In Black Monday, Scheer plays Keith Shankar, a closeted New York stockbroker who, over the course of the first season, comes out, leaves his wife and kids, collaborates and then betrays the FBI, and flees to Miami. To prepare for season two, Scheer began an intense exercise regimen and changed his diet, losing 30 pounds in the process. But when he first joined the show, Scheer was not supposed to make it to another season.
“I was supposed to be the person that died. I was supposed to be the body that crashed into that car. That's how I signed on to the show,” he said. (In the first episode of the first season, a dead body is shown on top of a red stretch Lamborghini, but the identity is not revealed until the finale.) But the show’s creators, Jordan Cahan and David Caspe, told Scheer they didn’t want to kill him, so they cut a new ending to spare Keith.
In his role, Scheer is responsible for portraying a gay man. He acknowledged the challenge in playing this role, and manages to avoid coming across as hacky or predictable in his performance. “It was something I really took on incredibly seriously, you know, I wanted to play this character as truthfully as I could,” Scheer said. The character was compelling to Scheer, who said Keith was not a cliche, and more complex than other roles he’s played in the past. “He was simply someone who was wrestling with who he is to different people in his life.

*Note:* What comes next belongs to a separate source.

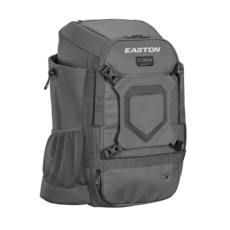 Easton EASTON WALK OFF ETHOS BACKPACK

I'm not a gay man, but on a base level, I could understand the masks that we put on for different people.”
Scheer, who grew up on Long Island, also drew from his personal experience growing up around the New York finance types. “It was very easy for me to remember all the people that my parents were friends with, who were kind of total dicks,” Scheer said. In one particular example, Scheer recalled a time when a forty-year-old man felt threatened by a 12-year-old Scheer, who said he wanted to be a comedian. The man put Scheer in a headlock and said he was funnier than Scheer.
“It's sort of like the energy of what you see on Succession where you know, they're doing that thing where everyone's chasing the sausage on the floor,” Scheer said.
For those who did not watch the first season, Scheer summarized his character and gave a preview of this season’s arc: “Keith is a stockbroker who is on the run and living his best life in Miami as a small-time drug dealer in a dirty roadside motel, happy to be disappeared from his old life. And then through the course of events, he is pulled back into his old life, but he is not the old Keith.”